Aim of the exercise>
Write out exactly the lines of the entries below from the one holding "Villa Degli Ulivi 8, Emma Villas 베로나" to the one holding "Ozuri Synthetic Block Heel Sandals, Copper", inclusive, and leave out all other lines.

Information supplied>
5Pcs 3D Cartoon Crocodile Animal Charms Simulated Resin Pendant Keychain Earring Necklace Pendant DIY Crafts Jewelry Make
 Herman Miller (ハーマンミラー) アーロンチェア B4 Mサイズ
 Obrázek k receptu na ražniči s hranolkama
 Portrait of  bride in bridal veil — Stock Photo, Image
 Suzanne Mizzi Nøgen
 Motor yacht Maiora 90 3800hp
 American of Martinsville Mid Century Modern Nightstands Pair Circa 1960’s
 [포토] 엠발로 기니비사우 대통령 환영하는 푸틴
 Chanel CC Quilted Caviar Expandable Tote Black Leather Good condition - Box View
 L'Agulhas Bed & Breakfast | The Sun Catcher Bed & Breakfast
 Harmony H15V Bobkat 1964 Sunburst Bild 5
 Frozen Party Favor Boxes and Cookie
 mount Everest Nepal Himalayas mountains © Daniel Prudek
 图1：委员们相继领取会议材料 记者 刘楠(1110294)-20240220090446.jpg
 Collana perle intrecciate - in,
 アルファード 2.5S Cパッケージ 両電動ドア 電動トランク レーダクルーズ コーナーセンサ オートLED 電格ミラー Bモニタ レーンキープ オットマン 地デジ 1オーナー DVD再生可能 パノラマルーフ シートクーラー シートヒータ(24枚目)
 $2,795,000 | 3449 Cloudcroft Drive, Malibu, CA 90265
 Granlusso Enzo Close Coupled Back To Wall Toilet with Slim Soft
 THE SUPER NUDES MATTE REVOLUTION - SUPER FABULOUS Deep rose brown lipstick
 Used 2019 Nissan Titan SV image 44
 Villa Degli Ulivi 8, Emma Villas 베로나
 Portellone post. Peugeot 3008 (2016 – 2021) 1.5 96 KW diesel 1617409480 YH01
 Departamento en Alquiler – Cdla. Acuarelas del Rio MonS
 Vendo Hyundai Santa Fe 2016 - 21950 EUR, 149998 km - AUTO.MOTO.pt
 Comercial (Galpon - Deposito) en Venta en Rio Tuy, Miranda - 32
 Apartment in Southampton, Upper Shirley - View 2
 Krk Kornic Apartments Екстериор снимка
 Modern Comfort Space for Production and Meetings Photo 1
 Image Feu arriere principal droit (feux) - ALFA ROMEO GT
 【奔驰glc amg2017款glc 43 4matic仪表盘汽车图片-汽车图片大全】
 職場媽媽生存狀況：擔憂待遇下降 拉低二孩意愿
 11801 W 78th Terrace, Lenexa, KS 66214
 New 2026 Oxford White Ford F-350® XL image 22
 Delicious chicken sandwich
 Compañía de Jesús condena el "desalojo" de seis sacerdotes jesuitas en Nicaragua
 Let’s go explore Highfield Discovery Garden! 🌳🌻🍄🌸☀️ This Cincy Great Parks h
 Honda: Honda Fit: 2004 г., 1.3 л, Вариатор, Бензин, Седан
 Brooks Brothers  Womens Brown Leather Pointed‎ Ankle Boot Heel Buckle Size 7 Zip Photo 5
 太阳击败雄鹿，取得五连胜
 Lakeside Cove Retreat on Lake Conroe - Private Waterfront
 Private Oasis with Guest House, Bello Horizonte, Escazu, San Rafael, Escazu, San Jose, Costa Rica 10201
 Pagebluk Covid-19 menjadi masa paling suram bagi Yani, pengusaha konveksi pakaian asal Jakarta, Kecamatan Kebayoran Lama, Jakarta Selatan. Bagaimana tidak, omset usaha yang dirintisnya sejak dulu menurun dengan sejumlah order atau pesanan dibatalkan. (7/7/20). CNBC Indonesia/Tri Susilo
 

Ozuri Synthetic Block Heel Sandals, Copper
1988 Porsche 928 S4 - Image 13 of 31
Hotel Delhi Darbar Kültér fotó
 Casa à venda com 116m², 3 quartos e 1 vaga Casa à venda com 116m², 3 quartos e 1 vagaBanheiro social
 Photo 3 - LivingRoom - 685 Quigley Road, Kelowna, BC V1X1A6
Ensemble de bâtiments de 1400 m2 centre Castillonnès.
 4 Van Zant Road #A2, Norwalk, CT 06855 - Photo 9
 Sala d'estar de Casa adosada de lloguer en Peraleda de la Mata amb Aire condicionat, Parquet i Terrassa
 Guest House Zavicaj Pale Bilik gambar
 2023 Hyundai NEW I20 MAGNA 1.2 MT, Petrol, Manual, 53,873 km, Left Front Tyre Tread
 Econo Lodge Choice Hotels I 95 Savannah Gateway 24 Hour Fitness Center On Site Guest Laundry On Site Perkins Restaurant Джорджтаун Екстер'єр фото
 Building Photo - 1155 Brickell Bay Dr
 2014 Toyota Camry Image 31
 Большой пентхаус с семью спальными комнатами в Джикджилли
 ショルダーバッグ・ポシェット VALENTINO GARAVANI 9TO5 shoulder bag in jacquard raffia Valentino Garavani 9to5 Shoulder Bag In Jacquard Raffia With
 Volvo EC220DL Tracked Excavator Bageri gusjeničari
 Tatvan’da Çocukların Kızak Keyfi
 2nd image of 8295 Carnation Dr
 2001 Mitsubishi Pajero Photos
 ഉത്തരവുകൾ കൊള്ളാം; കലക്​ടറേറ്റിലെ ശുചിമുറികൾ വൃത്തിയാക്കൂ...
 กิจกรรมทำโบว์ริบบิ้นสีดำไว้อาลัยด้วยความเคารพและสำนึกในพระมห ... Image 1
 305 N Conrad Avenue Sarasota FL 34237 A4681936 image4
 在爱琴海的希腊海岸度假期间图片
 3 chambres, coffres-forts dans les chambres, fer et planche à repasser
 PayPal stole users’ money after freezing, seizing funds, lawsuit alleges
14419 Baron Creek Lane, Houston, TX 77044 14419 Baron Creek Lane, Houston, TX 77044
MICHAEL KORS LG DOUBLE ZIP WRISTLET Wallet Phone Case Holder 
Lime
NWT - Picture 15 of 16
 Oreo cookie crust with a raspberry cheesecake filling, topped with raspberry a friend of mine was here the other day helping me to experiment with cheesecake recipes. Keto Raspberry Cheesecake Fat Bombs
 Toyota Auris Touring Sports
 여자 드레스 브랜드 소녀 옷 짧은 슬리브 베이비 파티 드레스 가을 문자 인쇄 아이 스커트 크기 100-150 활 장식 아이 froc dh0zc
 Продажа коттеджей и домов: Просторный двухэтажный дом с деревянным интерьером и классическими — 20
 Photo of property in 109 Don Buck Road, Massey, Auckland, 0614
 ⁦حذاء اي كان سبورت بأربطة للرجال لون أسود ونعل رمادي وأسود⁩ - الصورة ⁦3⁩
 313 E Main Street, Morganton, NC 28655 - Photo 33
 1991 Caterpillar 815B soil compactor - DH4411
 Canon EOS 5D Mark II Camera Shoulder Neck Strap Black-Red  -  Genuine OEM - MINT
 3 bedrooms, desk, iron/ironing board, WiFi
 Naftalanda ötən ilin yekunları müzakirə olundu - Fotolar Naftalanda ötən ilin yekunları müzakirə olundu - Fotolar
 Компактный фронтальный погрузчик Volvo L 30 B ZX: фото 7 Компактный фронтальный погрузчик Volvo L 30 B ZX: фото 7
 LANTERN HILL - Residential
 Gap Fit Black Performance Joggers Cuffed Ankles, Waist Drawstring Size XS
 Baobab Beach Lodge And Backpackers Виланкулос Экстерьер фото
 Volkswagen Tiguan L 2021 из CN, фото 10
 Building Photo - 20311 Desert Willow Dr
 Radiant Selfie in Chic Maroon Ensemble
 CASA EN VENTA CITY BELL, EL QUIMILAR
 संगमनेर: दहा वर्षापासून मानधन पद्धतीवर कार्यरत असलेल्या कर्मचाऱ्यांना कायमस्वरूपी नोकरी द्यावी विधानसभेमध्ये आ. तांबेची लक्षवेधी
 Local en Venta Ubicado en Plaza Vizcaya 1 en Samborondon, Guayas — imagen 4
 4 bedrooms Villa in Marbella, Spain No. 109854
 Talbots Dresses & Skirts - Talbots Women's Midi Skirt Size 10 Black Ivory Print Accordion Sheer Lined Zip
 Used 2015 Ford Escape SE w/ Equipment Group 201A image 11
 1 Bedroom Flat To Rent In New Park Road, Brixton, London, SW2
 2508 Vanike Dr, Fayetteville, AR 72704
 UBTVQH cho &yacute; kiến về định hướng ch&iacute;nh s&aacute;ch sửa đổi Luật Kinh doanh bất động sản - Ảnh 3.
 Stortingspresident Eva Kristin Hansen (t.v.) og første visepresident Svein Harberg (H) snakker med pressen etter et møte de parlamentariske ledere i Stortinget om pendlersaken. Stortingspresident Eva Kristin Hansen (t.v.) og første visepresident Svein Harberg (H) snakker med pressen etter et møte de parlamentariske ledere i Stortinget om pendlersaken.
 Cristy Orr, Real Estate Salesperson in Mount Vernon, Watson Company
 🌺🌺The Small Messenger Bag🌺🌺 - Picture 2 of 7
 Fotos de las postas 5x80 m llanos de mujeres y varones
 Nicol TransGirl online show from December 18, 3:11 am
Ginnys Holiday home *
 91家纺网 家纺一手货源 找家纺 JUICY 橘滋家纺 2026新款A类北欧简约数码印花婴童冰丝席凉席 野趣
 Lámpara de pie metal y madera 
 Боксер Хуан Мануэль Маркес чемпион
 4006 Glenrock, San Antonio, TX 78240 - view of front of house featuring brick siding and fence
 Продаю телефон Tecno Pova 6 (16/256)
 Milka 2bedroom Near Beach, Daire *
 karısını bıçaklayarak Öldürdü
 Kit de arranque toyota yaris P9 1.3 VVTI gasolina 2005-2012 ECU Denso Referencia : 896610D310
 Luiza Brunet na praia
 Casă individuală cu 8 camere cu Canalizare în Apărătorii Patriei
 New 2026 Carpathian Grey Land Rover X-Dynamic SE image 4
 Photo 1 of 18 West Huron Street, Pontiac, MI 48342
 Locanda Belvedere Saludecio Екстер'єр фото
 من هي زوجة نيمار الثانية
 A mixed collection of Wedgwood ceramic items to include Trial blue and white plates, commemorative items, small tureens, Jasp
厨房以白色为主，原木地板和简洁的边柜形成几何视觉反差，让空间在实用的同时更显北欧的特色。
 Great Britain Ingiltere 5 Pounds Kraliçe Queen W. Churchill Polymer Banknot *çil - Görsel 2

Answer to this task>
 Villa Degli Ulivi 8, Emma Villas 베로나
 Portellone post. Peugeot 3008 (2016 – 2021) 1.5 96 KW diesel 1617409480 YH01
 Departamento en Alquiler – Cdla. Acuarelas del Rio MonS
 Vendo Hyundai Santa Fe 2016 - 21950 EUR, 149998 km - AUTO.MOTO.pt
 Comercial (Galpon - Deposito) en Venta en Rio Tuy, Miranda - 32
 Apartment in Southampton, Upper Shirley - View 2
 Krk Kornic Apartments Екстериор снимка
 Modern Comfort Space for Production and Meetings Photo 1
 Image Feu arriere principal droit (feux) - ALFA ROMEO GT
 【奔驰glc amg2017款glc 43 4matic仪表盘汽车图片-汽车图片大全】
 職場媽媽生存狀況：擔憂待遇下降 拉低二孩意愿
 11801 W 78th Terrace, Lenexa, KS 66214
 New 2026 Oxford White Ford F-350® XL image 22
 Delicious chicken sandwich
 Compañía de Jesús condena el "desalojo" de seis sacerdotes jesuitas en Nicaragua
 Let’s go explore Highfield Discovery Garden! 🌳🌻🍄🌸☀️ This Cincy Great Parks h
 Honda: Honda Fit: 2004 г., 1.3 л, Вариатор, Бензин, Седан
 Brooks Brothers  Womens Brown Leather Pointed‎ Ankle Boot Heel Buckle Size 7 Zip Photo 5
 太阳击败雄鹿，取得五连胜
 Lakeside Cove Retreat on Lake Conroe - Private Waterfront
 Private Oasis with Guest House, Bello Horizonte, Escazu, San Rafael, Escazu, San Jose, Costa Rica 10201
 Pagebluk Covid-19 menjadi masa paling suram bagi Yani, pengusaha konveksi pakaian asal Jakarta, Kecamatan Kebayoran Lama, Jakarta Selatan. Bagaimana tidak, omset usaha yang dirintisnya sejak dulu menurun dengan sejumlah order atau pesanan dibatalkan. (7/7/20). CNBC Indonesia/Tri Susilo
 

Ozuri Synthetic Block Heel Sandals, Copper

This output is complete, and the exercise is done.